Several proofs of concept have been listed elsewhere in the thread.

Thanks, they weren't there when I posted. Will look into that.

Forgive me if this is a poor question. I need to study up on my cryptography a little more...

Would salting both of these messages lead to md5 hashes that no longer match?

Yes, if they were given different salts. But the attack model for password authentication is very different (e.g. there's usually only one salt in play and the attacker doesn't get to choose salt or password he's trying to crack). So the collision attacks on MD5 don't seem obviously relevant.

Even with salting MD5 is still far too efficient to compute to be strong for password hashing. It could be combined in an iteration framework which made it secure, but there are plenty of other hash functions (with better reputations) that would be a better choice.

If the salts are different, it will definitely change.

On the other hand, using the same salt twice will change the hash if it's put before the data, but not if it's put after the data.

Given an MD5 collision, you can apply a common suffix and still have a hash collision. Applying a common prefix changes the state the hash process is in when it reaches the colliding data and this breaks the collision.

Good to know. Thank you =)

This is quite interesting. Common hashes is pretty cool. What about for SHA-1, can there be a collision?

There is a well-known principle called the pigeon-hole principle - you cannot put more pigeons than you have holes in holes without putting at least 2 in one.

The larger the number of bits you have, the larger the number of possible messages. Therefore if the size of the message exceeds the size of the hash, there are more possible messages than there are possible hashes they can be sent to. Therefore by the pigeonhole principle, some hash value represents more than one message, so there must be collisions.

That part is simple. The hard part is finding them. The simplest way is to just try lots of random messages, until 2 give the same hash value. This is called brute force. But there are enough possible hash values that this is not feasible.

To date we have not found an SHA-1 collision. However we know of algorithms that should be able to find one faster than brute force. But we have not actually found one yet.

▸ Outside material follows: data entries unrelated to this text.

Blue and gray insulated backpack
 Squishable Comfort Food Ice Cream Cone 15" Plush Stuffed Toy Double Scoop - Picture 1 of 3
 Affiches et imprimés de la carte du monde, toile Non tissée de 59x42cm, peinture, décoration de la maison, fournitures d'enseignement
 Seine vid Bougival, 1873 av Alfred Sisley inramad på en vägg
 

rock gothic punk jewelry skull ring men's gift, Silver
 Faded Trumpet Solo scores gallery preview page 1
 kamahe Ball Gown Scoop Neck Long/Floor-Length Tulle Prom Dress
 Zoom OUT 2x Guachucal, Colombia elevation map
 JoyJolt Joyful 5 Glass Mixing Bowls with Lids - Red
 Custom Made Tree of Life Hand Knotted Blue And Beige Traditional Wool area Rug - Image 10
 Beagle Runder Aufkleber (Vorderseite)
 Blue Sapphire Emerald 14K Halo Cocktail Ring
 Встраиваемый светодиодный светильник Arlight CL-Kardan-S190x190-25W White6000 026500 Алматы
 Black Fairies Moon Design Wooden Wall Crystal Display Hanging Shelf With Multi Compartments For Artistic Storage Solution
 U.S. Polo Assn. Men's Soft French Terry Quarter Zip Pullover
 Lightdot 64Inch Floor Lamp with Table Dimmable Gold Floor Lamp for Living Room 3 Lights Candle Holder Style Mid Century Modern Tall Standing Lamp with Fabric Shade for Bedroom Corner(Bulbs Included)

However attacks only get better, and computers only get faster. It is widely accepted that an actual hash collision in SHA-1 is just a matter of time now.

its not just widely accepted.... hashing algorithms, due to the pigeonhole principle you just explained, by definition are full of collisions.

the only security relevant part is how hard it is to find them for use in various scenarios......

(this is why i really dont get why zfs ever did deduplication relying on hash only.... sure verify is an option, but it would be insane to use hash only....... unlessi am overlooking aomething statistical that makes it make sense (maybethe odds of a collision are fR less than the odds of total hardwarefailure ?still.....)

Your last sentence hits the nail on the head. Even when storing petabytes of data, the odds on a freak hash collision are still many orders of magnitude longer than the odds on a hardware failure.

There's a statement that has been "pretty much permanently" on a whiteboard-covered wall of the computer lab at my college telling a joke about "the difference between a mathematician and an engineer", that goes through the math behind a specific type of prime number generator, calculates the likelihood that it might fail, and then claims the mathematician cares about that while the engineer knows that is orders of magnitude less likely than a guaranteed algorithm failing due to a cosmic ray hitting it in RAM and flipping one of its bits. ;P

Indeed... a quick search turns up someone from the zfs team indicating that a collision in zfs dedup (sha256) is 50 orders of magnitude less likely than an uncorrected hardware error. i shoukd have looked before posting.

I meant, of course, that we'll find one.

We know the exist. We just don't have any examples to present.

If the number of possible messages is greater than the number of possible hashes, collisions are trivially guaranteed to occur. Since hashes are typically used with messages longer than 192 bits, SHA-1 collisions are certainly a possibility. Constructing one is orders of magnitude harder than for MD5, though.